Problem to solve:
Go line by line through the data and copy those with the word "Green".

[Data — start]

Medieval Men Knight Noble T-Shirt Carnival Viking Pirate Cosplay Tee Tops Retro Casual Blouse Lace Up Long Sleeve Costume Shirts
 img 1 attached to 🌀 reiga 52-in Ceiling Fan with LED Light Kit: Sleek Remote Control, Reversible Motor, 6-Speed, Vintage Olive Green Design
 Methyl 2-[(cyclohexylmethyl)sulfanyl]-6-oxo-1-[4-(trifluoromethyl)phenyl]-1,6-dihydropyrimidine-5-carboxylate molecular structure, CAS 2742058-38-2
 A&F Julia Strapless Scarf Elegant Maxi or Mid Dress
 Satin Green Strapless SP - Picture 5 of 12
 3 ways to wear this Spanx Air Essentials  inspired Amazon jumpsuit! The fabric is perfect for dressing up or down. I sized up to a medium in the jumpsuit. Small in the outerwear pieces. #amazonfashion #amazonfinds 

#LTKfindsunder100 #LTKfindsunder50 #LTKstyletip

[Data — finish]

Completed task:
 img 1 attached to 🌀 reiga 52-in Ceiling Fan with LED Light Kit: Sleek Remote Control, Reversible Motor, 6-Speed, Vintage Olive Green Design
 Satin Green Strapless SP - Picture 5 of 12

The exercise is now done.